Diane Tarte, Marine Ecosystem Policy Advisors

Diane Tarte is Director of Marine Ecosystem Policy Advisors providing advice on policy and programs addressing research and management of marine, coastal and catchment areas with a particular focus on ecosystem-based management of catchments, waterways and fisheries. Over the past 45 years she has been involved in the protection and management of the Great Barrier Reef and Australian tidal wetland areas, the development of government planning and management policies and legislation focusing on integrated coastal zone management and Oceans Policy, and the involvement of the community in the management of marine protected areas, coastal wetland reserves and rehabilitation of riparian zones. She is a Non-Executive Director for Alluvium Holdings and Alluvium Consulting Australia; chairs the board of TierraMar Ltd/OceanEarth Foundation and the technical working group for three Great Barrier Reef regional report card partnerships; and is a member of the Reef 2050 Plan Advisory Committee and CSIRO’s Environment Advisory Group.

Rob Gell AM

Rob is a coastal geomorphologist by training, who taught Physical Geography and Environmental Science at Melbourne State College and Melbourne University, before a thirty-one year career presenting television weather in parallel with a career as an environmental consultant.
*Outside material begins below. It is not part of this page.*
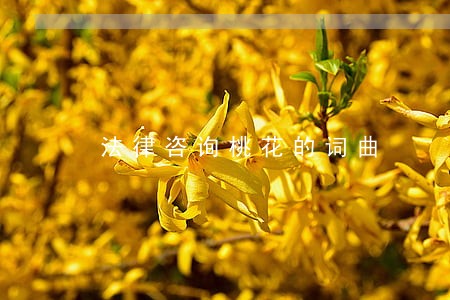 法律咨询桃花的词曲 法律咨询桃花的词曲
He is a director of a range of sustainable technology companies, President of the Royal Society of Victoria, a Fellow of the Royal Geographical Society, an Inaugural Fellow of the Environment Institute of Australia and New Zealand and a Member of the Order of Australia for significant service to conservation, to the protection of coastal and marine environments, and to the community.

Adam Lovell, WSAA

Adam is the Executive Director of the Water Services Association of Australia (WSAA), the peak body for water utilities in Australia and New Zealand, a position he commenced in 2011.  Prior to his current role, Adam developed an extensive water industry career including roles at Anglian Water (UK), University of Sydney and Sydney Water, primarily in research and innovation. Adam provides national leadership in policy positions for the Australian water sector on issues including industry reform, water security and quality, climate change, customer and community engagement and First Nations water services. Adam also holds a non-executive Board role for the Global Water Research Coalition and is a member of a number of state and national advisory committees.

Dr Allan Dale, JCU

Allan Dale is a Professor of Tropical Regional Development at The Cairns Institute, James Cook University and Chief Scientist for the Cooperative Research Centre for Developing Northern Australia (CRCNA). Allan has a strong interest in integrated societal governance, with a particular focus across the tropical world, northern Australia and the Great Barrier Reef. He leads JCU’s contributions to Queensland’s Rural Economies Centre of Excellence (RECoE), Queensland’s Communities in Transition Program and emerging new approaches to Collective Impact for Social Development. He works extensively with governments, regional and local communities on issues related to economic, social and Indigenous development, water and natural resource management. Allan is Deputy Chair of the Premier’s Queensland Plan Ambassador Council. He was previously the Chair of Regional Development Australia Far North Queensland and Torres Strait (RDA FNQ&TS) and the ex-CEO of Terrain NRM.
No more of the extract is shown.